[PATCH v4 00/18] perf: add support for sampling taken branches

* [PATCH v4 00/18] perf: add support for sampling taken branches
@ 2012-01-27 20:56 Stephane Eranian
  2012-01-27 20:56 ` [PATCH v4 01/18] perf: add generic taken branch sampling support Stephane Eranian
                   ` (19 more replies)
  0 siblings, 20 replies; 30+ messages in thread
From: Stephane Eranian @ 2012-01-27 20:56 UTC (permalink / raw)
  To: linux-kernel
  Cc: peterz, mingo, acme, robert.richter, ming.m.lin, andi, asharma,
	ravitillo, vweaver1, khandual, dsahern

This patchset adds an important and useful new feature to
perf_events: branch stack sampling. In other words, the
ability to capture taken branches into each sample.

Statistical sampling of taken branch should not be confused
for branch tracing. Not all branches are necessarily captured

Sampling taken branches is important for basic block profiling,
statistical call graph, function call counts. Many of those
measurements can help drive a compiler optimizer.

The branch stack is a software abstraction which sits on top
of the PMU hardware. As such, it is not available on all
processors. For now, the patch provides the generic interface
and the Intel X86 implementation where it leverages the Last
Branch Record (LBR) feature (from Core2 to SandyBridge).

Branch stack sampling is supported for both per-thread and
system-wide modes.

It is possible to filter the type and privilege level of branches
to sample. The target of the branch is used to determine
the privilege level.

For each branch, the source and destination are captured. On
some hardware platforms, it may be possible to also extract
the target prediction and, in that case, it is also exposed
to end users.

The branch stack can record a variable number of taken
branches per sample. Those branches are always consecutive
in time. The number of branches captured depends on the
filtering and the underlying hardware. On Intel Nehalem
and later, up to 16 consecutive branches can be captured
per sample.

Branch sampling is always coupled with an event. It can
be any PMU event but it can't be a SW or tracepoint event.

Branch sampling is requested by setting a new sample_type
flag called: PERF_SAMPLE_BRANCH_STACK.

To support branch filtering, we introduce a new field
to the perf_event_attr struct: branch_sample_type. We chose
NOT to overload the config1, config2 field because those
are related to the event encoding. Branch stack is a
separate feature which is combined with the event.

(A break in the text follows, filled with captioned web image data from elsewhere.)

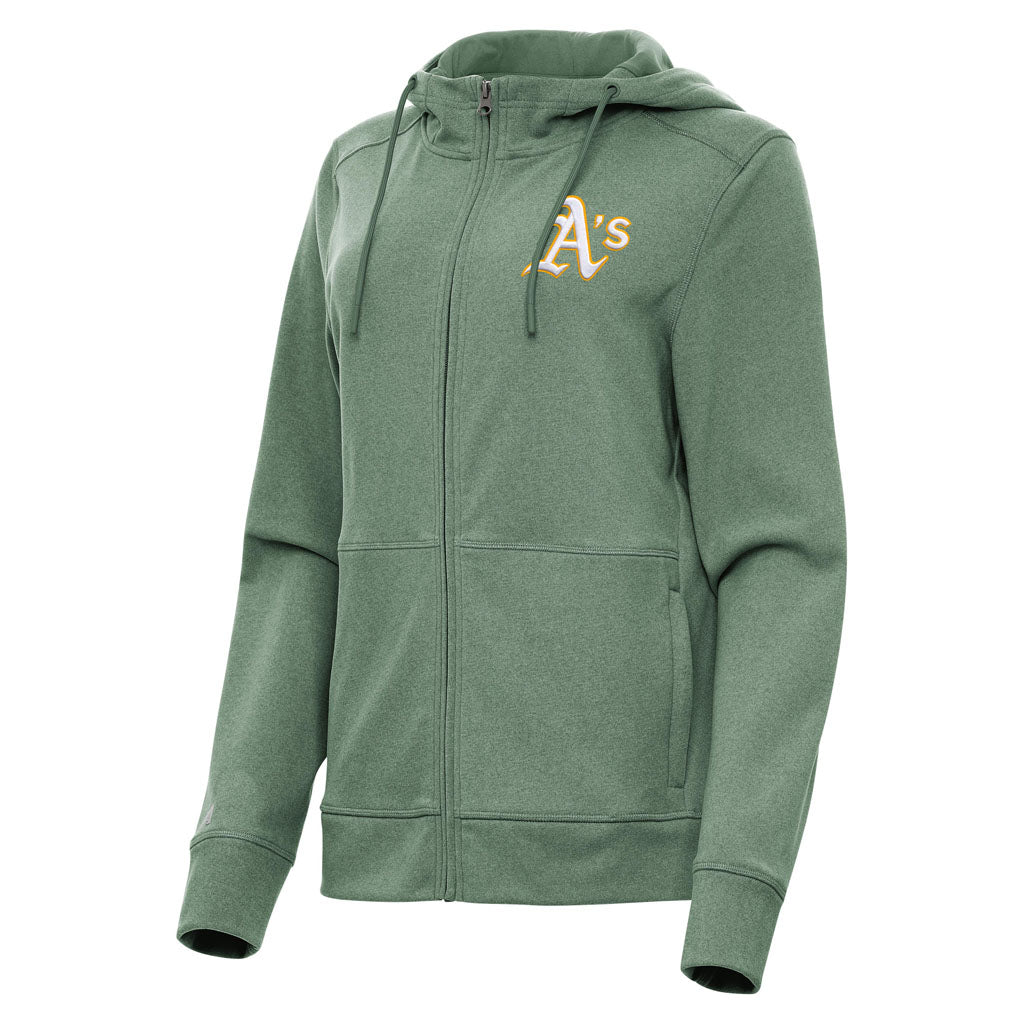 MLB Athletics Women's Antigua Seeker Full Zip Hoodie - Green
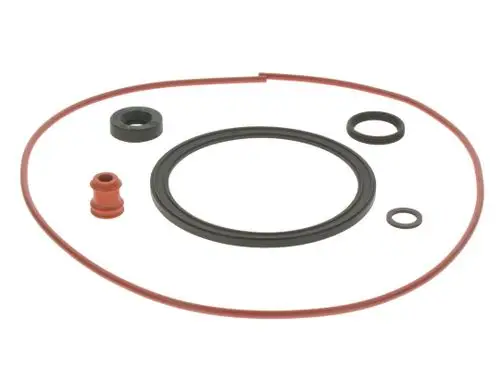 Dichtungs-Set mit mehreren O-Ringen und Dichtungen in verschiedenen Formen und Größen, hergestellt von Bosch, zur Verwendung in mechanischen Anwendungen.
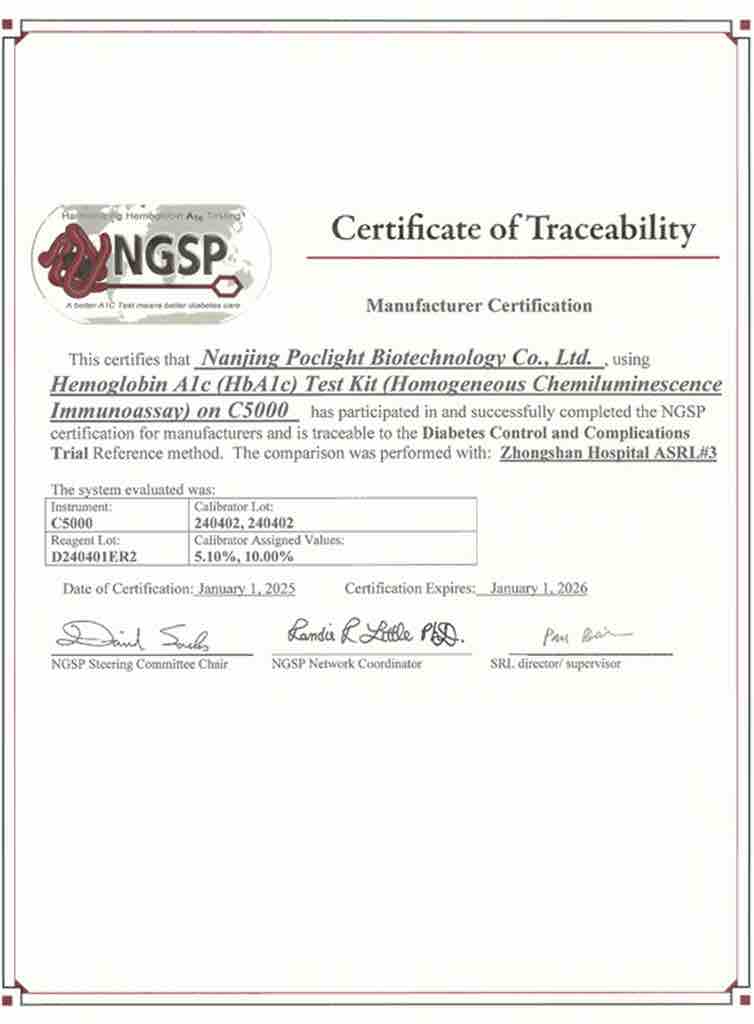 Poclight's HbA1c test is now NGSP certified!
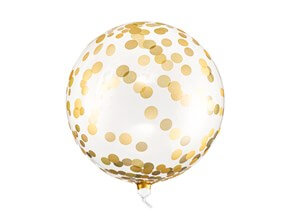 Ballon Mylar - Transparent avec Pois Or - 40cm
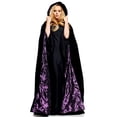 thumbnail image 1 of Underwraps Adult Women's 63" Deluxe Velvet Satin Cloak Cape, Black/Purple, 1 of 3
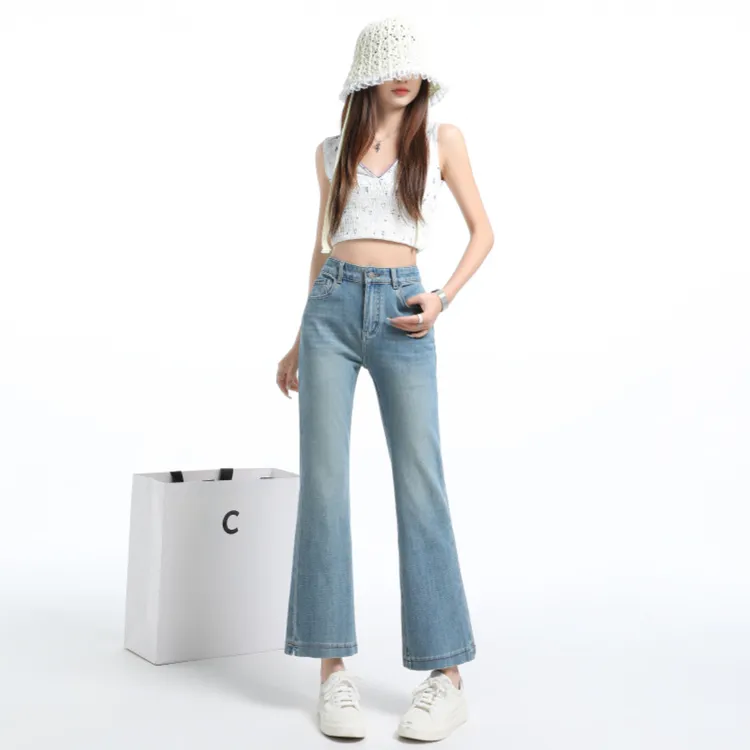 冰丝凉感九分微喇裤女薄款2025夏季显瘦裤脚开叉小个子白色牛仔裤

The branch_sample_type is a bitmask of possible filters.
The following filters are defined (more can be added):
- PERF_SAMPLE_BRANCH_ANY     : any control flow change
- PERF_SAMPLE_BRANCH_USER    : branches when target is at user level
- PERF_SAMPLE_BRANCH_KERNEL  : branches when target is at kernel level
- PERF_SAMPLE_BRANCH_HV      : branches when target is at hypervisor level
- PERF_SAMPLE_BRANCH_ANY_CALL: call branches (incl. syscalls)
- PERF_SAMPLE_BRANCH_ANY_RET : return branches (incl. syscall returns)
- PERF_SAMPLE_BRANCH_IND_CALL: indirect calls

It is possible to combine filters, e.g., IND_CALL|USER|KERNEL.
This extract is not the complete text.